When emotions are raw and overwhelming, it’s important to slow down before responding or reaching out to the other spouse/partner/co-parent. Tone matters and is often more important than the info being shared on any given topic. Existing communication dynamics are often a factor in the separation, and it takes practice to learn new communication tools.

  • If you have questions about how to approach your separation, then consult an attorney preferably before separation, and one trained in collaborative divorce. Family and friends may give advice with good intentions, but it may be wrong or not apply to your situation.
  • Is the topic worthy of discussion with the other person? Separation is an intense time when the past, present, and future intermingled. Topics about the present and future tend to be more productive than rehashing the past or issues that lead to the separation.

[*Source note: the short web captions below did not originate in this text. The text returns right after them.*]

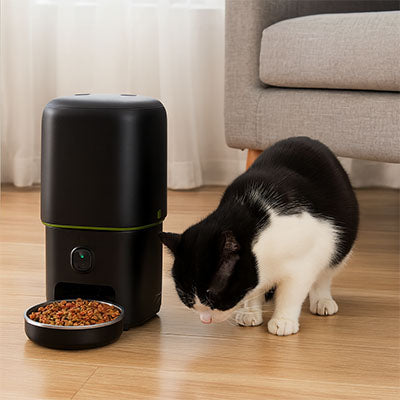chat a proximite de distributeur de croquettes automatique noir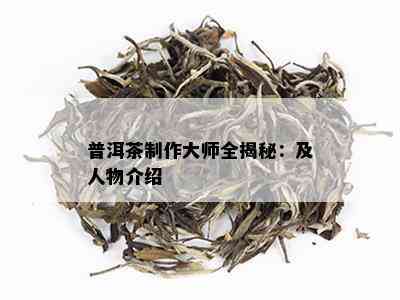 普洱茶制作大师全揭秘：及人物介绍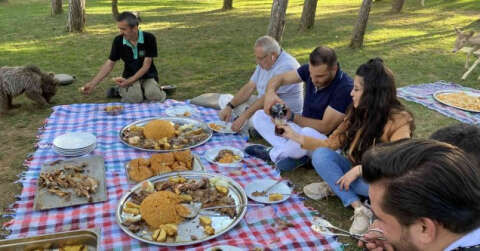 Çekmeköy’de yavru aslan ve ayıya şark sofrası kuruldu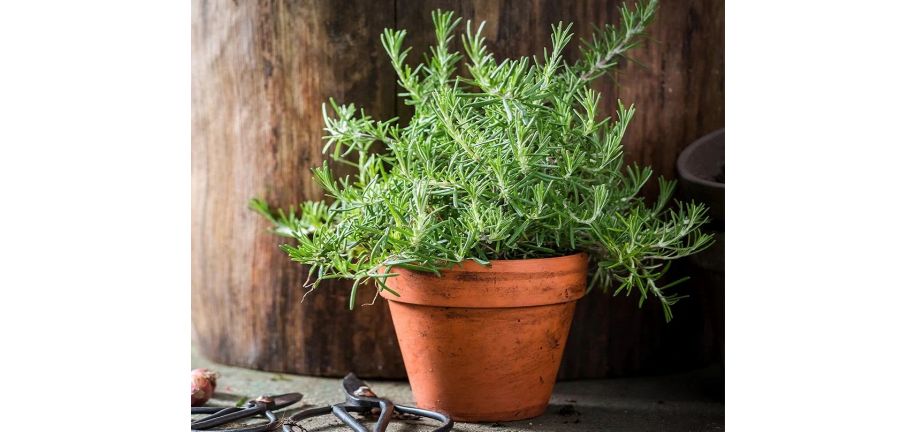 طریقه نگهداری رزماری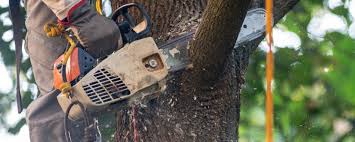 Best Tree Trimming and Pruning  in Fort Myers Shores, FL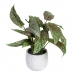 Plante décorative Vert PVC 52 x 44 x 44 cm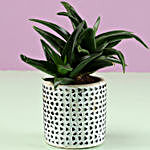 Mini Aloe Vera In White Pot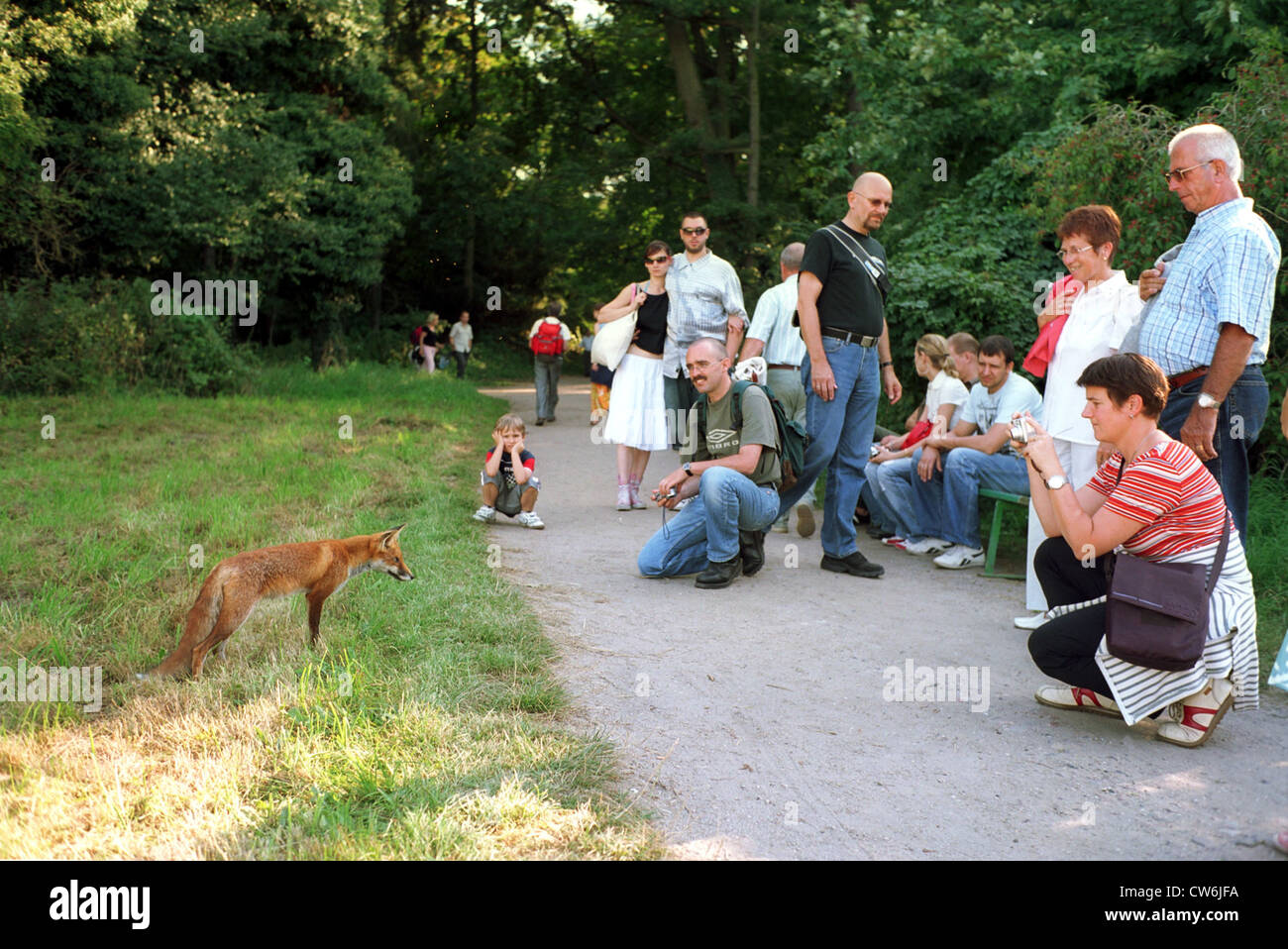 Berlin, wilden Fuchs trifft Menschen Stockfoto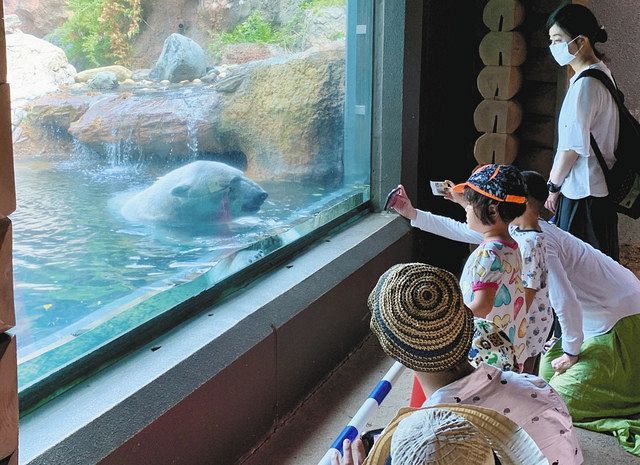 新型コロナ 横浜市立３動物園再開 検温やガラス接触防止など対策 東京新聞 Tokyo Web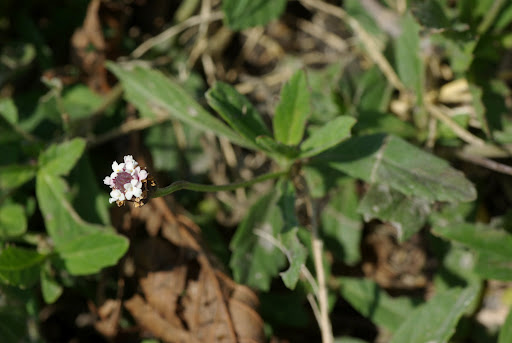 20120630_19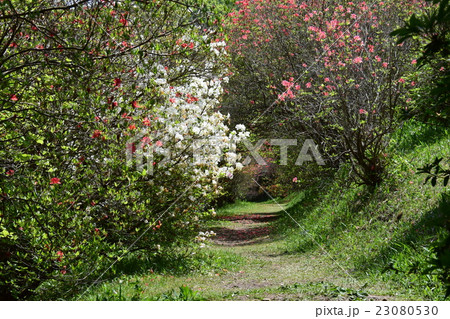 高取山のミツバツツジと西都原古墳 （宮崎県西都市） 23080530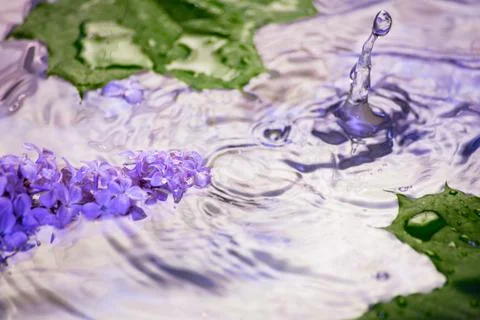 Lilac flowers under the drops of the rain Stock Photos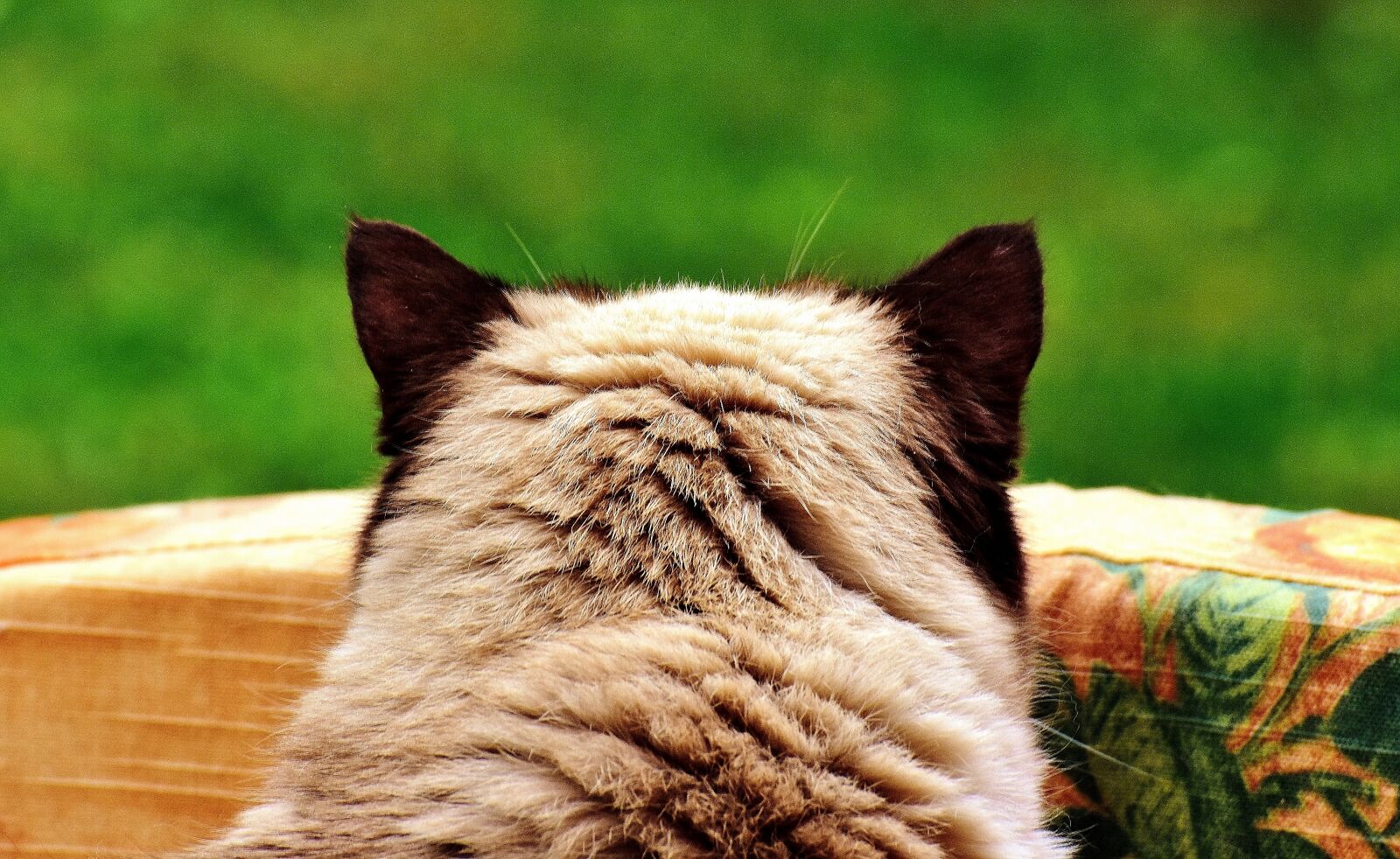 Nikon D7200 sample photo. British shorthair, cat, animal photography
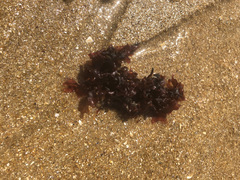 Chondrus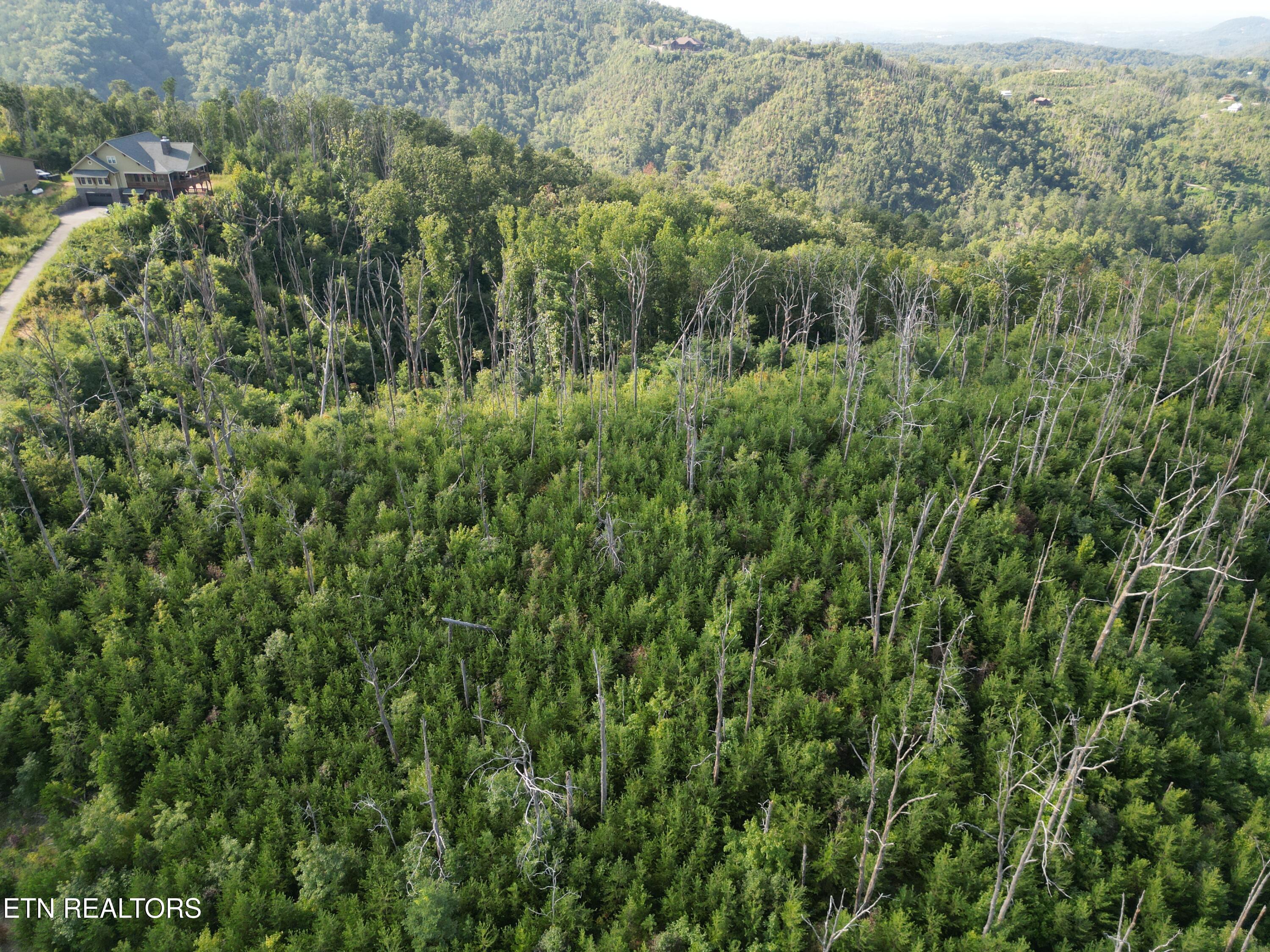 Image 4: 5318135_DJI_0030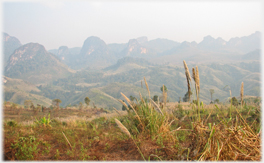 Grasses in foreground, karsts beyond.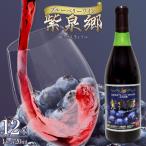 ワイン ブルーベリーワイン 紫泉郷 しせんきょう 12本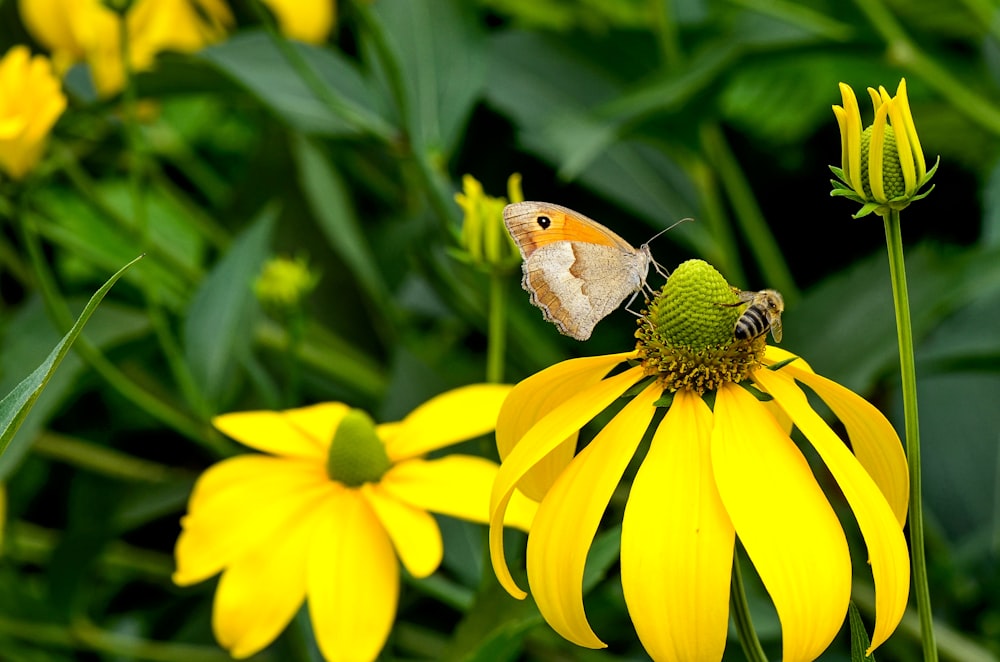 butterfly and bee perching on yellow flower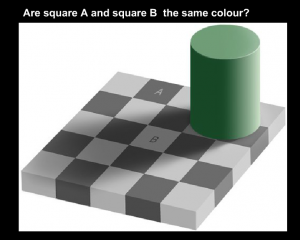 image of color illusion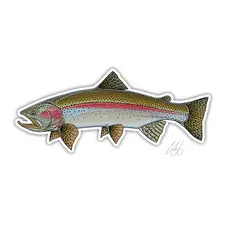 CASEY UNDERWOOD Rainbow Trout Decal by Casey Underwood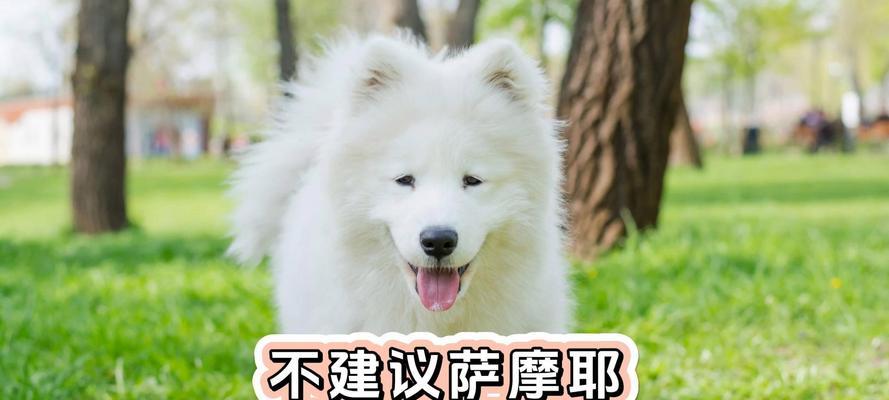 狗为何不能吃人？进化、天性与共生关系深度解析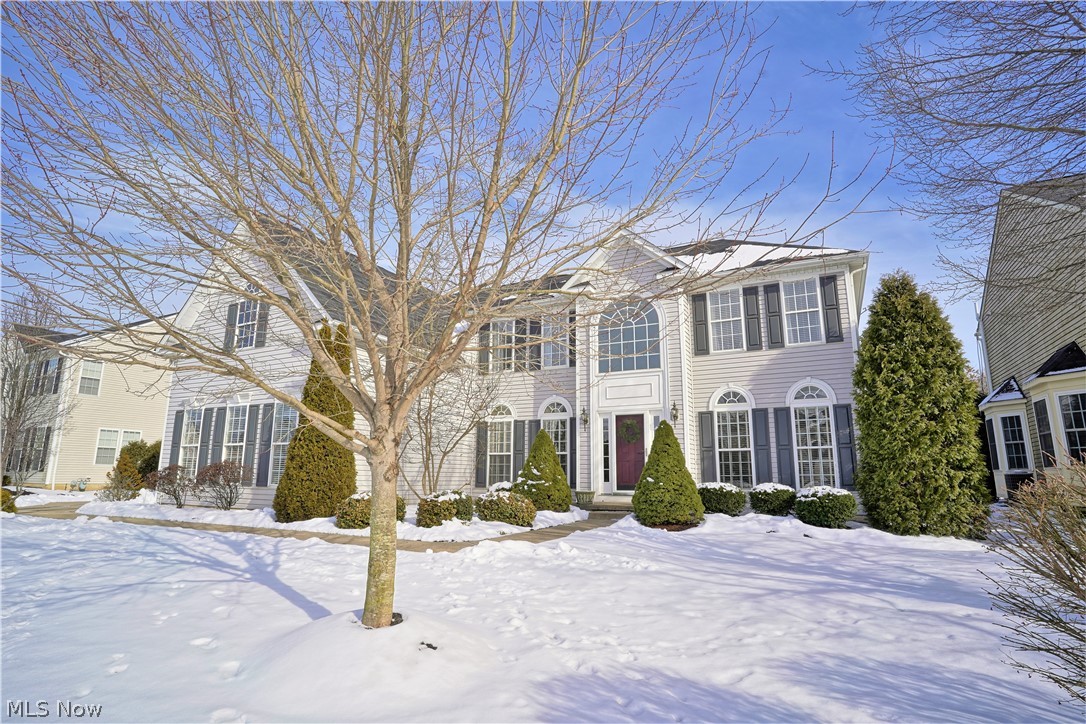 301 Alexander Ct. is a great opportunity to own a home in the sought after Hillside neighborhood located in the award-winning Revere Schools.  This home features wonderful landscaping with mature trees for privacy while dining on the large brick patio.  Fantastic open concept floor plan with an updated kitchen, new hardwood floors, and wainscoting throughout the first floor.   Upon entering the home your eye goes directly to the soaring Great Room with a beautiful two-story stone fireplace. The large gourmet kitchen is a chef's dream with beautiful white cabinetry, large island, granite countertops, S.S. appliances and a huge pantry. The kitchen includes a morning room with access to the backyard.   A  private office, dining room, living room, laundry with plenty of cabinet space complete the first floor. A split staircase leads to the second floor. The master bedroom features a vaulted ceiling, large garden tub, h/h sinks and a walk-in closet. The three additional bedrooms are spaciou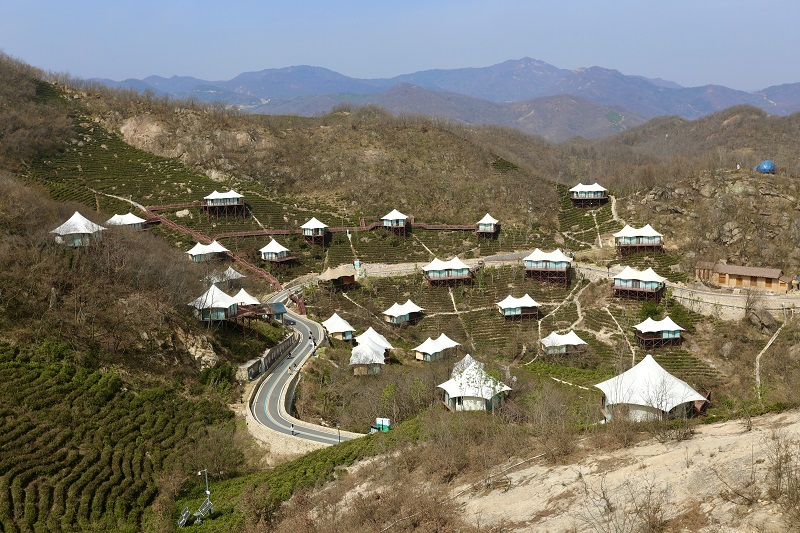 信阳市浉河区:专心致"质"有实招 文旅发展迸活力-大象网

  • Approach discussions with a problem-solving mentality. Focus on the issues and do not engage in name-calling, threats, accusations, ultimatums, or dictate terms. You are free to disagree, but briefly explain why and keep focused on the issue not unrelated opinions, facts, or beliefs. See Bill Eddy’s highconflictinstitute.com/biff-responses.
  • If communication has been challenging, then start with discussing smaller issues to build momentum and practice a more productive communication style before discussing more impactful issues when emotions tend to run high.
  • Be accountable for your actions and communication. If you are feeling overwhelmed, down, or angry, then consider counseling to help process your emotions so they do not negatively impact yourself and those around you, especially children. Avoid involving family and friends in your separation or exposing them to intense feelings. This may reinforce negative views of the other person which can interfere with sound decision-making necessary during separation. It also increases the likelihood of children, even adult children, being exposed to negativity about a loved one.
  • When possible, communicate via email so you have a chance to really think about the issue and review the tone before sending it. If discussing in person, then write a list of points you think are relevant to the topic beforehand, take notes during the discussion, then follow up with an email the same day with what was discussed and/or agreed.